CLASP
The Centre for Linguistic Theory and Studies in Probability

Scene Context, Object Reference, and Image Memorability: Insights into Visuo-Linguistic Processing in Humans and Models

Abstract

Natural scenes provide us with rich contexts for object recognition and reference. In particular, knowing what type of scene one is looking at generates expectations about which objects will occur where. Do Vision-Language Models (VLMs) learn to rely on scene contexts in a similar way, when generating references to objects? In the first part of this talk, I will introduce the Common Objects Out-of-Context (COOCO) dataset that we created to test to what extent VLMs rely on scene context while referring to objects under different degrees of scene-object congruency and different perturbations.
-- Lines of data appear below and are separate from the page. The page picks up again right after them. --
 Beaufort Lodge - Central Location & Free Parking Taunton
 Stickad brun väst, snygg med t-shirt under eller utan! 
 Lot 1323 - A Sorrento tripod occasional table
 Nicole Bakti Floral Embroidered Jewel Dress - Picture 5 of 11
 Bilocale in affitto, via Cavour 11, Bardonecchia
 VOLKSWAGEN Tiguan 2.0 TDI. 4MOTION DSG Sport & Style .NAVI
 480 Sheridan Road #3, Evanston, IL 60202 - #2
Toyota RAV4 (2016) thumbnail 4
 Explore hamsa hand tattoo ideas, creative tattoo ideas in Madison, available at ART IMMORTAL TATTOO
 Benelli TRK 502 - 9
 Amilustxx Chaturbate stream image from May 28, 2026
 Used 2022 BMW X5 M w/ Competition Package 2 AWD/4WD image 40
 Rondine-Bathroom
Our findings show that models leverage scene context adaptively, dynamically balancing local and contextual information for reference generation. In the second part, I will talk about how scenes vary in how memorable they are to humans. Inspired by findings from cognitive science and computer vision, we explored correlates of image memorability in pretrained vision encoders, investigating activations, attention distributions, and the uniformity of image patches. I will especially focus on sparse autoencoder loss of reconstructing a scene as a strong proxy for memorability. Collectively, our findings reveal interesting parallels between models’ adaptive use of scene context and internal encoding of signals for memorability, and human visuo-linguistic processing.